This application claims priority to German Patent Application No. DE 10 2006 019 890.5, filed Apr. 28, 2006, the complete disclosure of which is hereby incorporated herein by reference in its entirety.
The invention generally relates to an atomizer for coating mediums and an associated operating method.
Background
In the painting of components (e.g., motor vehicle body parts), the particular coating medium (e.g., filler, basecoat, clearcoat) is usually atomized by high-speed rotary atomizers and applied to the part to be coated by means of shaping air and electrostatic charging of the coating medium. When painting with liquid paint, the wet paint, when atomized and during atomization, loses primarily volatile components, such as for example solvents which flash off into the ambient air. As a result, the percentage of solids in the applied liquid paint changes compared with the percentage of solids in the liquid paint before atomization.

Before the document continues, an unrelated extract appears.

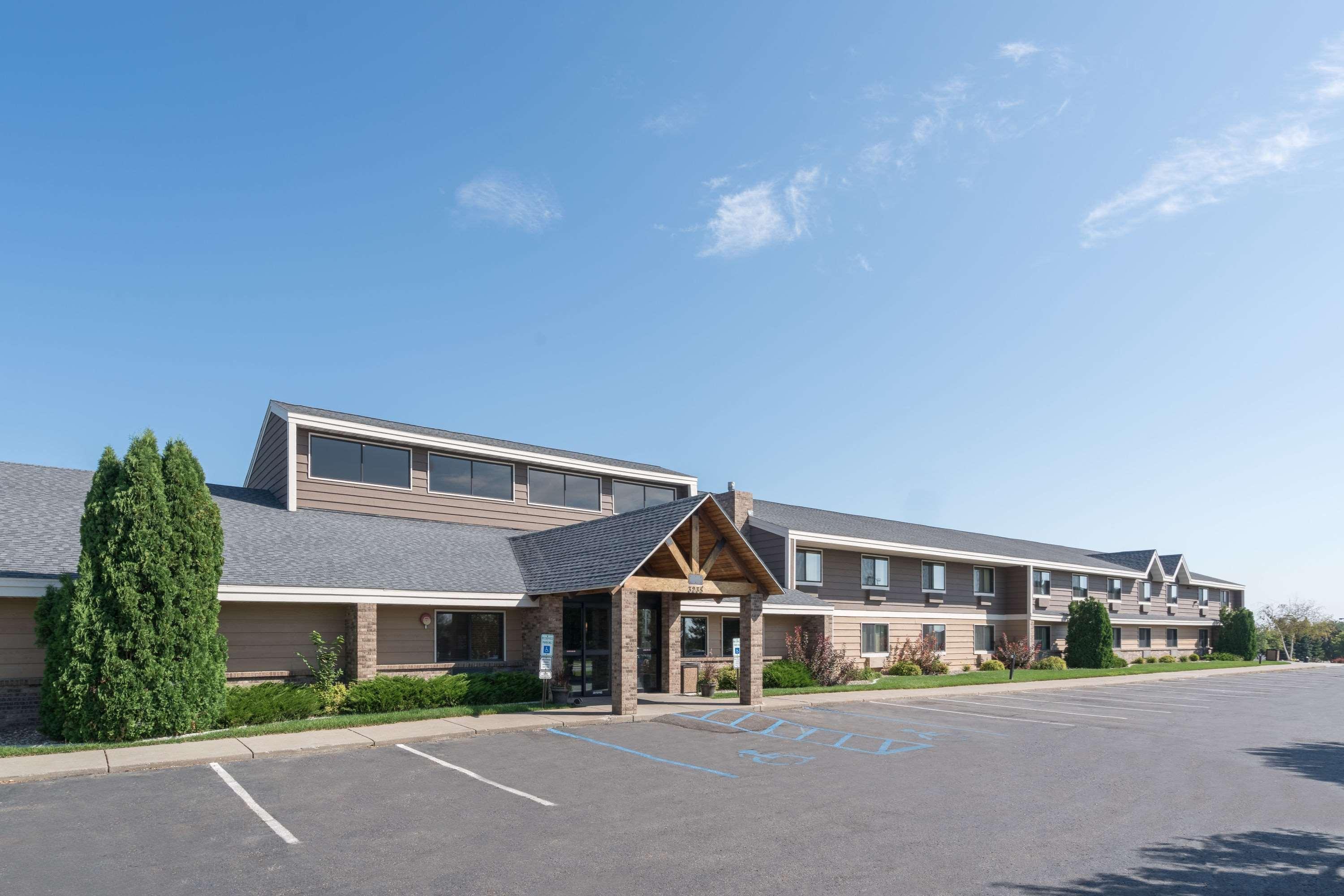 Americinn By Wyndham Bismarck Exterior foto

Firstly, this increase in the amount of solids during application is determined by the application parameters, such as for example the speed of the rotary atomizer, discharge volume, shaping air volume and distance.
Secondly, the increase in the amount of solids during application is affected by ambient conditions, such as for example humidity, air velocity and air temperature in the paint booth since these ambient conditions affect the evaporation of the solvent constituent.
In the case of the known painting installations for painting motor vehicle body parts, great expense is incurred in keeping the air management in the paint booth constant so that evaporative conditions, and thus the increase in solids during application, remain constant. Thus the disadvantage of the known paint installations is the great expense for equipment for conditioning the air in the paint booth.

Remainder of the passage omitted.